How Courageous Engineers fought Snow, Ice and Avalanche


RAILWAYS OF EUROPE - 1


ASCENDING MOUNT PILATUS







ASCENDING MOUNT PILATUS. The average climb on this railway is almost one foot in three. The central rack-rail with teeth on both sides engages with a pair of cog-wheels on the coach to enable it to climb. The timber platform at the side of the line permits workmen to inspect and maintain the track. This pathway had to be built on supports driven into the cliff face, so closely does the railway itself hug the mountain side.










THE project of running a railway to the top of a rugged Alpine mountain some 13,600 ft above sea level inspires admiration for the sheer audacity of its conception.
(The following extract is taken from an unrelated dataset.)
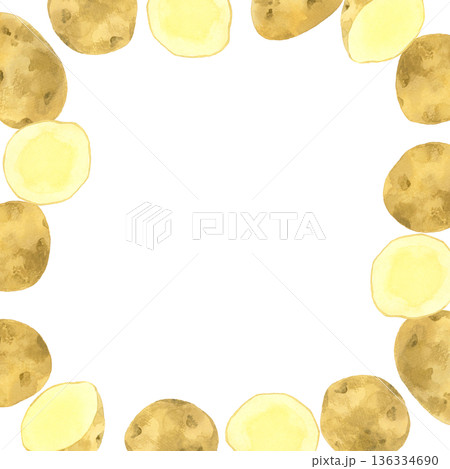 じゃがいものフレーム 手描き水彩イラスト背景素材 じゃがいものフレーム 手描き水彩イラスト背景素材 136334690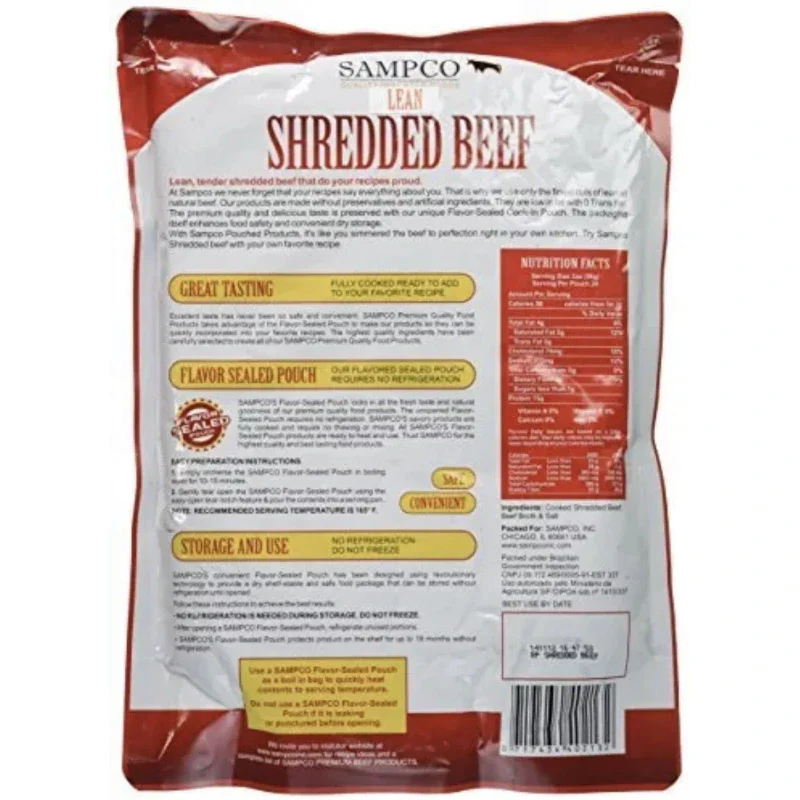 SAMPCO Lean Shredded Beef W/Broth 3lb Pouch Fully Cooked All Natural Brazil 2025 - Image 2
The ascent by rail of the mighty Jungfrau peak in Switzerland had, in fact, already been considered and rejected as impracticable by well-known engineers before the scheme was again entertained by an enthusiastic business man from Zurich.


ABOVE THE SNOW LINE





























ABOVE THE SNOW LINE. Perched on the slopes of the mighty Mönch are three buildings, the smallest (centre) being the railway station. Beside it stands the hotel and to the right an observatory.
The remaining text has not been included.